Data extracts:
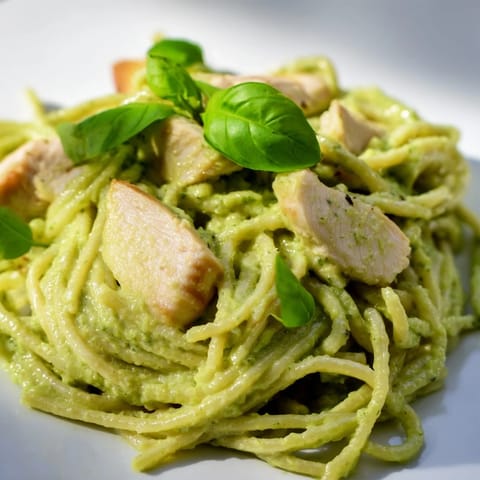 Creamy Avocado Chicken Pasta features fork-tender pasta coated in fresh avocado sauce, bright lemon notes, and juicy grilled chicken slices.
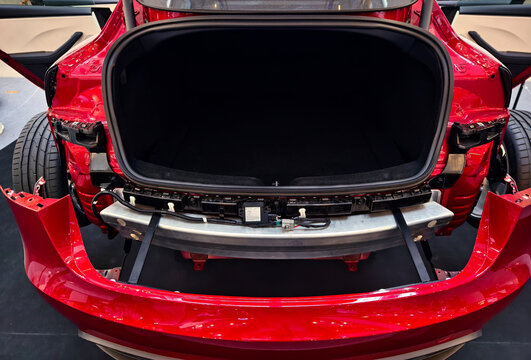 Red car rear bumper open trunk reveals exposed crash beam, mounting brackets, sensors, inner chassis.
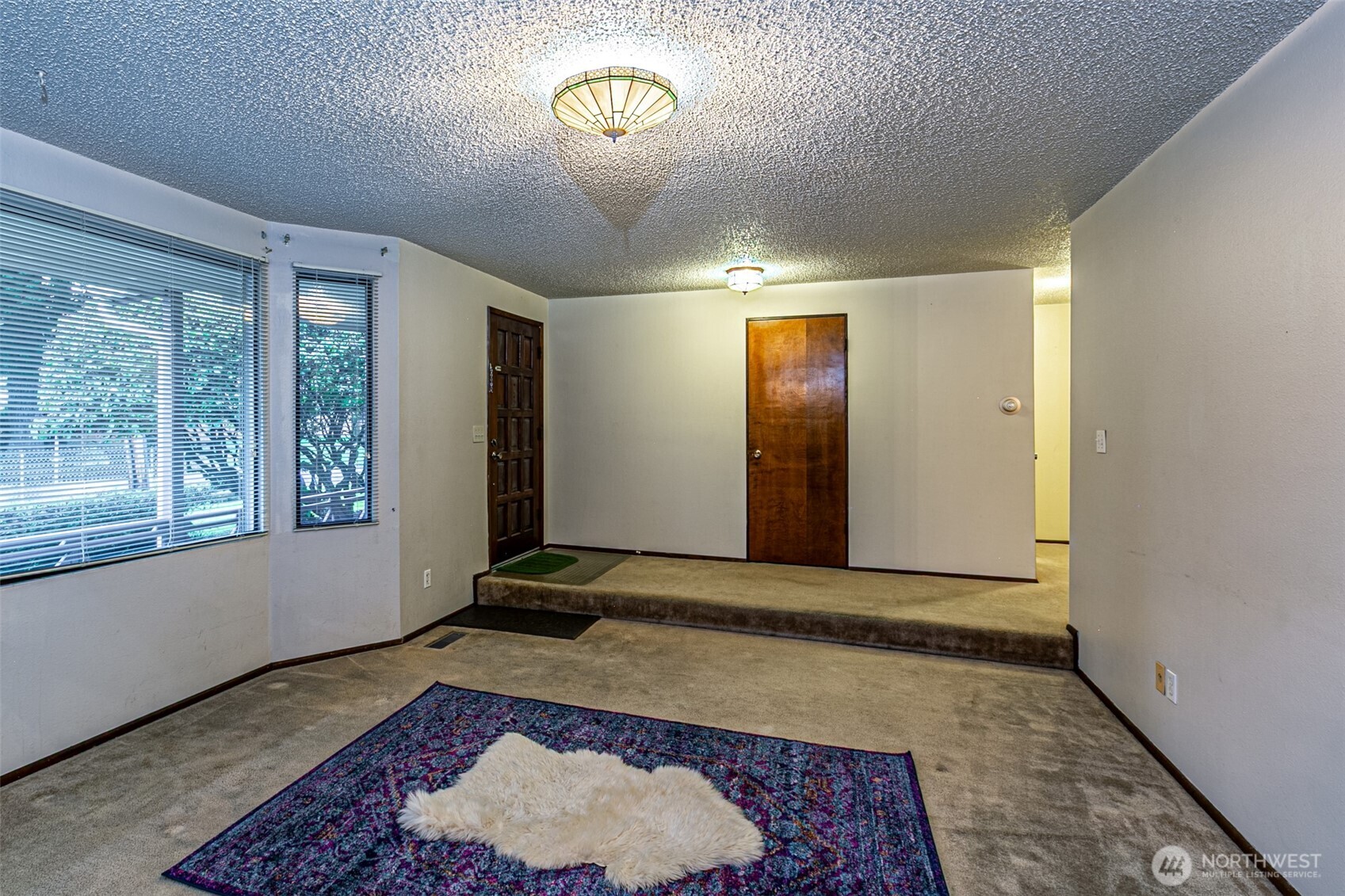 7505 Husky Way Southeast Lacey, WA 98503 - Photo 8 of 40 a view of an empty room with a rug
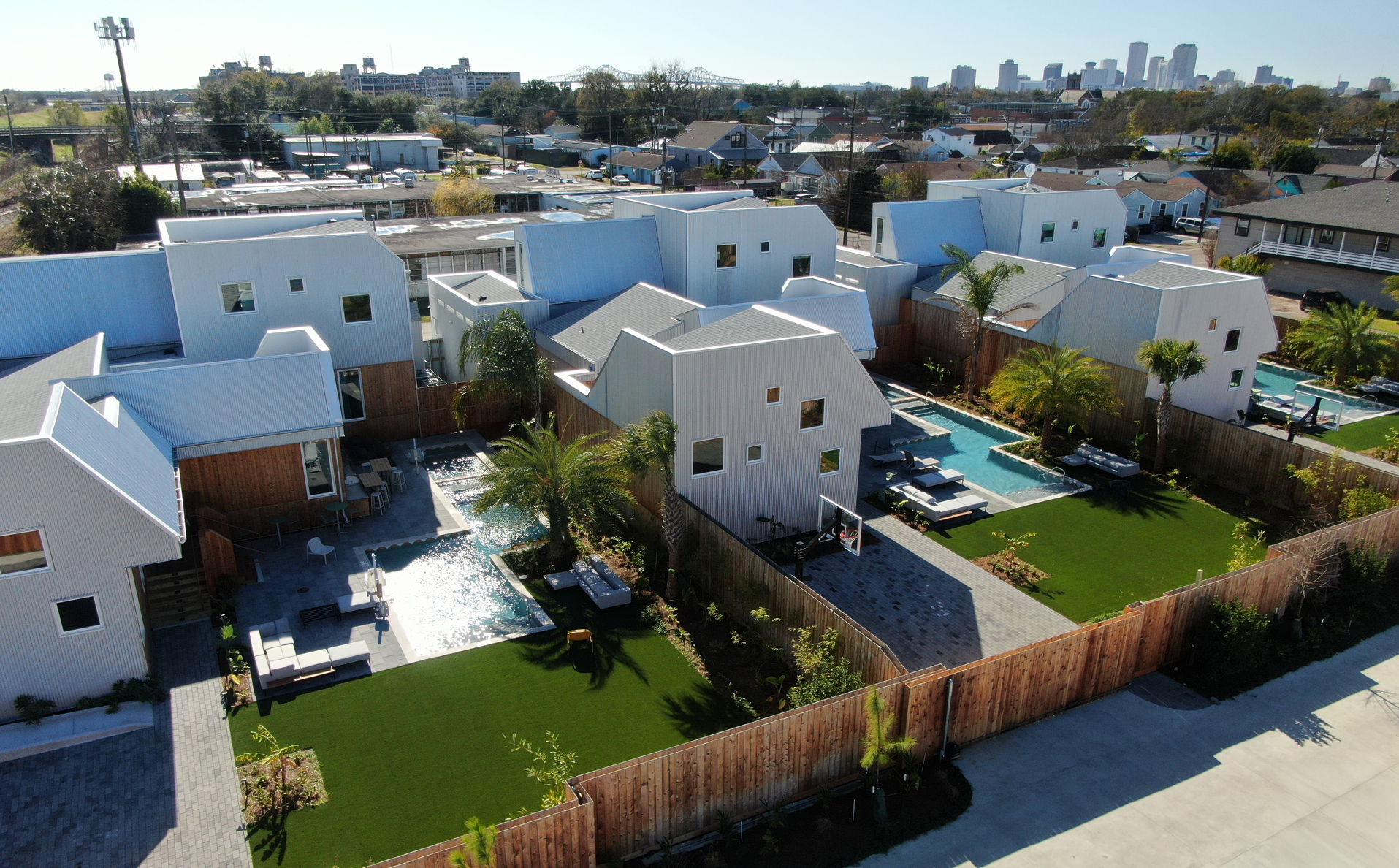 Aerial view of modern white houses with pools, green lawns, and a city skyline in the background.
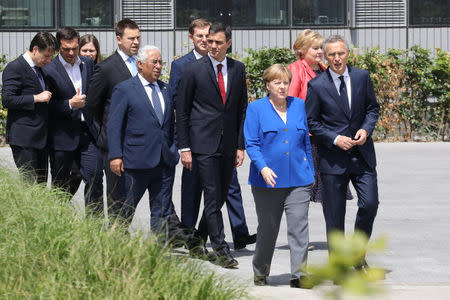 German Chancellor Angela Merkel, NATO Secretary General Jens Stoltenberg, Norway's Prime Minister Erna Solberg, Spain's Prime Minister Pedro Sanchez, Portugal's Prime Minister Antonio Costa, Greek Prime Minister Alexis Tsipras and Italy's Prime Minister Giuseppe Conte arrive for a family picture ahead of the opening ceremony of the NATO (North Atlantic Treaty Organization) summit, at the NATO headquarters in Brussels, Belgium, July 11, 2018. Ludovic Marin/Pool via REUTERS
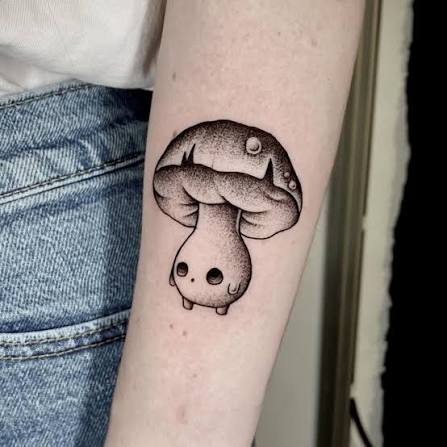 Cute mushroom character with dot eyes, tiny feet, and fine black stippling on the forearm.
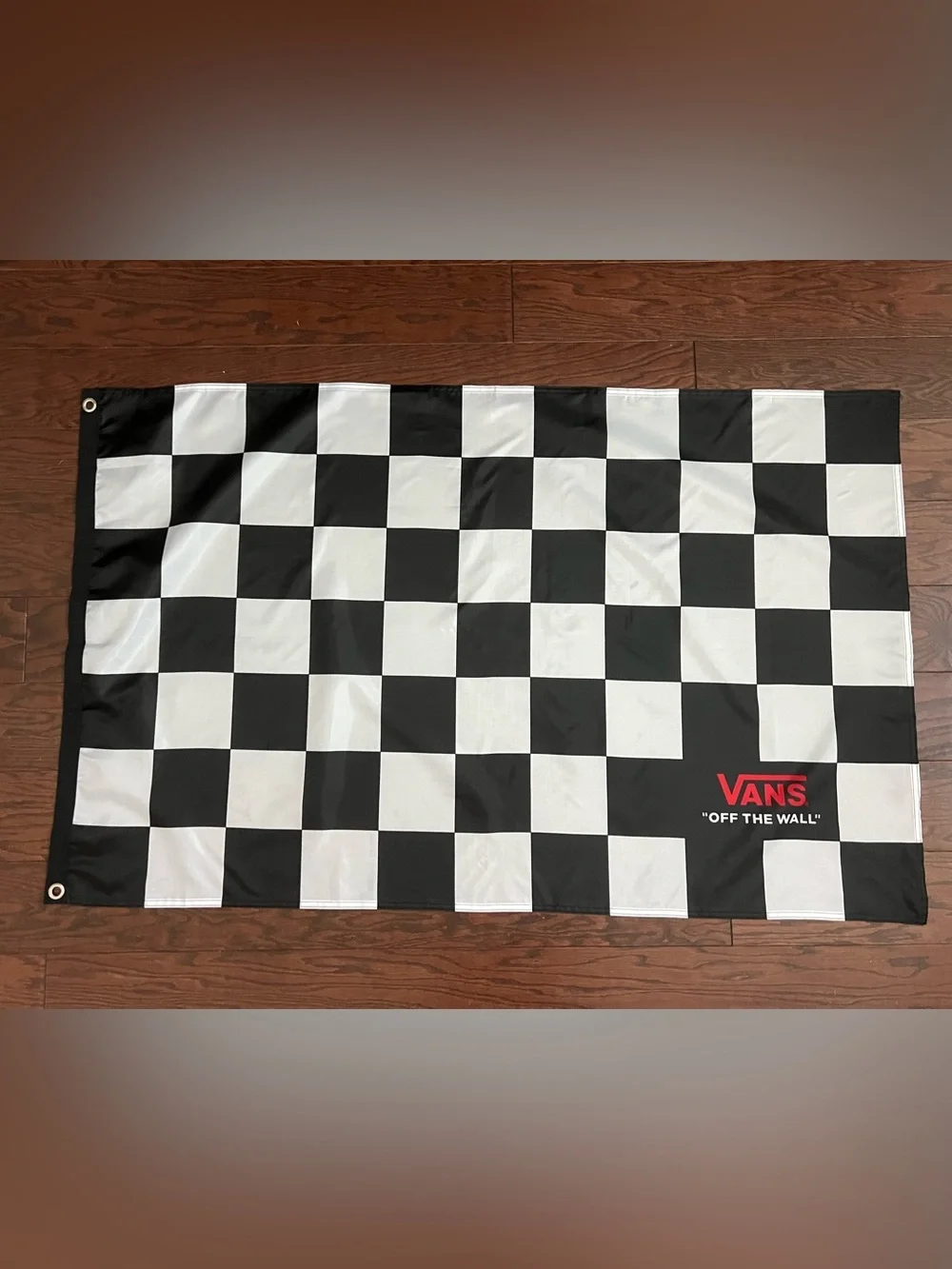 Vans Black and White Checkerboard Banner with Red Accent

Activity:
Everything from the line containing "Aerial view of" to the last line of the records above should be reproduced exactly, except the pictures.

Result for this task:
 Aerial view of modern white houses with pools, green lawns, and a city skyline in the background.
 German Chancellor Angela Merkel, NATO Secretary General Jens Stoltenberg, Norway's Prime Minister Erna Solberg, Spain's Prime Minister Pedro Sanchez, Portugal's Prime Minister Antonio Costa, Greek Prime Minister Alexis Tsipras and Italy's Prime Minister Giuseppe Conte arrive for a family picture ahead of the opening ceremony of the NATO (North Atlantic Treaty Organization) summit, at the NATO headquarters in Brussels, Belgium, July 11, 2018. Ludovic Marin/Pool via REUTERS
 Cute mushroom character with dot eyes, tiny feet, and fine black stippling on the forearm.
 Vans Black and White Checkerboard Banner with Red Accent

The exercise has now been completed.